LU12: Muchos sienten que este gobierno está utilizando Malvinas con un objetivo electoral. ¿Qué apreciación le merece esto?
Guillermo Carmona: No tengo dudas de que es así. He venido sosteniendo que el Gobierno respecto de Malvinas está funcionando en “modo Galtieri” (Leopoldo Fortunato Galtieri, militar argentino y presidente de facto de la Nación entre diciembre de 1981 y junio de 1982) . Se parece demasiado a lo que vivimos en el año 1982. Tuvimos una dictadura cívico-militar que utilizó Malvinas para intentar disimular los fuertes problemas económicos y sociales. Es una comparación muy fuerte, pero es pertinente porque el paralelismo es evidente: así como se intentó utilizar Malvinas en aquel momento para perpetuarse en el poder, hoy lo están intentando utilizar para movilizar el sentimiento patriótico en función del interés de Milei en condiciones económicas y sociales muy críticas.
Hay dos cosas más que son muy evidentes: en aquel momento Galtieri nos hizo creer que Estados Unidos iba a elegir a la Argentina por sobre Gran Bretaña, y eso no ocurrió; hoy estamos en esa situación nuevamente. Y mientras Galtieri decía «estamos ganando la guerra», Milei viene diciendo que estamos teniendo grandes triunfos diplomáticos, que no son otra cosa que la revisión de apoyos internacionales que la Argentina tiene desde hace décadas. Espero que no se manipule a la opinión pública; los argentinos tenemos muy claro cuáles han sido las posiciones de Milei respecto de Malvinas y hay una sana desconfianza.
LU12: Este reclamo se da en un contexto geopolítico donde potencias energéticas están en conflicto, con actores como Estados Unidos, Rusia e Irán, e incluso con menciones directas de Donald Trump sobre Malvinas. ¿Qué riesgos ve en el actual tablero internacional?
Guillermo Carmona: Lo de Trump tiene que ver no con el Atlántico Sur ni con Malvinas, ni siquiera con la Argentina; tiene que ver con amedrentar a su socio eterno, Gran Bretaña. Son dimes y diretes, y hay que ponerlo en ese plano.
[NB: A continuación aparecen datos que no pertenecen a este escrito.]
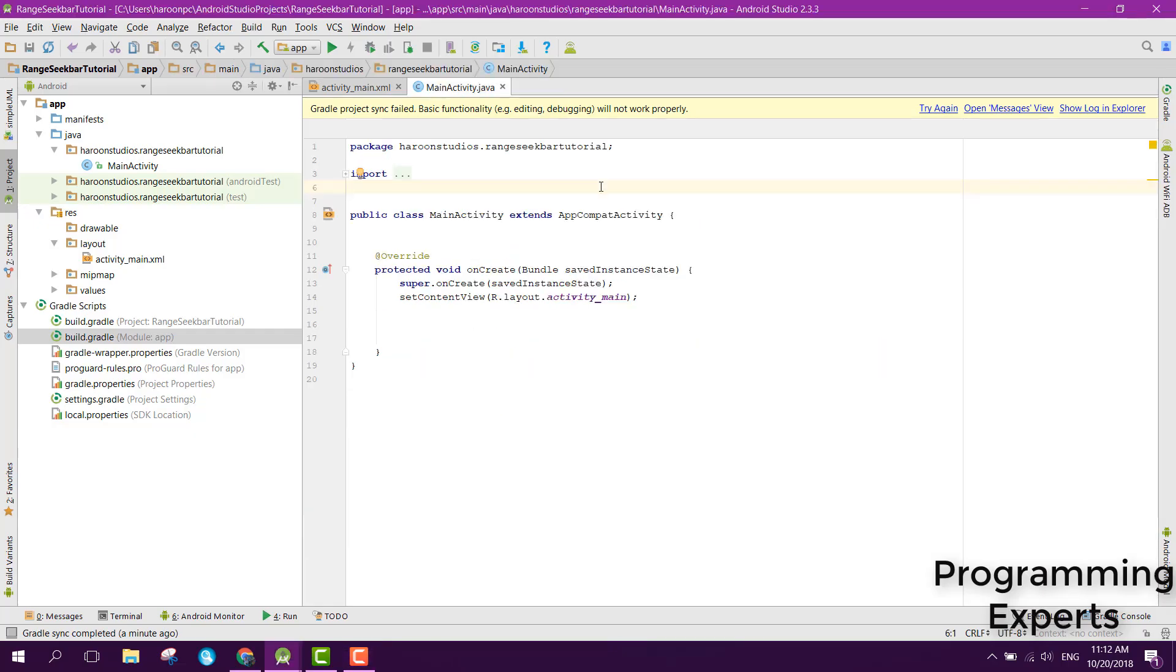Bismillahirrahmanirrahim. Welcome to my another video on Android app development. In this video I will teach you how to use the range seek bar in Android Studio.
Lo que me preocupa mucho es que tengamos un presidente que se declara sorpresivamente como «malvinero» y sostiene una posición soberanista sobre las islas, mientras en simultáneo todas las decisiones que toma desde la Casa Rosada en materia económica, militar, de seguridad y geopolítica se deciden en otro lugar del mundo, en Washington, como si la Argentina fuera una semicolonia.
No se puede ser soberanista en Malvinas y atentar contra la soberanía en el resto de las decisiones del país. Espero que no se cometan imprudencias. Las escaladas de declaraciones pueden llevar a producir hechos que salgan del control del gobierno; Milei no tiene experiencia en la gestión de estos asuntos y sus propios funcionarios han hecho declaraciones muy imprudentes. Hay que ser extremadamente cuidadosos.
LU12: ¿Cómo analiza el avance de Punta Arenas con las Islas Malvinas en una nueva ruta comercial en el Atlántico Sur?
Guillermo Carmona: Es muy importante que quede claro que se van a adoptar las acciones legales correspondientes; esto es vital que se haga. Hace dos semanas una naviera chilena anunció que estaba negociando un acuerdo con Rockhopper y Navitas para ofrecerles logística. El gobierno de Chile no dijo nada de eso, y esto que ustedes mencionan tiene una relación directa con ese episodio. Esas cosas no hay que dejarlas pasar: hay que decirlas con claridad y hacer las gestiones correspondientes ante el gobierno de Chile para que les quede muy claro que la Argentina no va a admitir ese tipo de situaciones.